Comienza el juicio contra el femicida que asesinó y mutiló a su pareja en 25 partes.

Comienza el juicio contra el femicida que asesinó y mutiló a su pareja en 25 partes.

Este lunes comenzará a ser juzgado Waldo Servian Riquelme, un femicida que asesinó a su pareja llamada Liliana González de la forma más violenta y sangrienta posible, en el año 2019. El caso es recordado como “el descuartizador de la amoladora”, ya que luego de asesinarla, la mutiló en 25 partes.

El hecho ocurrió entre el 15 y 16 de marzo del año 2019, no se sabe con exactitud porque el victimario se encargó de no dejar rastros para que se descubra. Se entiende que fue entre fechas porque fueron los últimos días en la que se la pudo encontrar con vida. El lugar donde llevó a cabo el crimen fue en la vivienda en la que vivían, ubicada en el Barrio 31 de Retiro.

El acto de violencia fue de gran trascendencia en el país porque no solo la asesinó, sino que la cercenó de la forma más oscura, para no dejar huellas y rastros. Fue por esa razón que el fiscal encargado del caso, había expresado que “el aquí acusado la mató, la descuartizó, la afeó, la desechó en una cloaca pretendiendo eliminar hasta la más mínima imagen femenina” y había determinado el caso como “odio y total menosprecio” sobre la víctima, además consideró que hubo “un especial ahínco por su condición de mujer”.

Recordemos que el asesino, de nacionalidad paraguaya, planificó paso por paso el homicidio. Para empezar, la noche anterior había dejado a sus hijos junto a su familia, para estar solo con su mujer y llevar a cabo el crimen efectuado. En la vivienda donde ocurrió el suceso se halló, entre muchas otras cosas, una olla con restos humanos, un horno eléctrico, y en el baño, lugar que seleccionó para llevar a cabo el asesinato, se encontraron partes del cuerpo de la víctima, como su cabeza.

A pesar del esfuerzo por parte del criminal para desaparecer cualquier rastro, las pericias pudieron determinar que la muerte de Liliana se debió a dos apuñaladas en la “región submentoneana”.

El hombre, luego de cometer el acto delictivo se dio a la fuga. Primero huyó hacia Misiones, y luego cruzó a Paraguay, donde exactamente 50 días después se entregó  a la justicia. Inmediatamente fue extraditado hacia Argentina.
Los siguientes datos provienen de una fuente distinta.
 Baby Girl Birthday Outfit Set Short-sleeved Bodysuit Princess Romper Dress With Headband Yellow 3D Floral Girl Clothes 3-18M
Desde aquel momento se encuentra en el penal de Ezeiza, y hoy deberá enfrentar el juicio por el crimen cometido.

El fiscal, también había manifestado: “El descuartizamiento, rapado, extracción de los pabellones auriculares, cocción y entrega de los restos, no solo dan cuenta de la aparente intención de deshacerse de todo ello en pos de su impunidad, sino que ponen de destaco el odio y total menosprecio de quien fuera su concubina, con una destacada y singular pero calculada y sádica manifestación de ira”.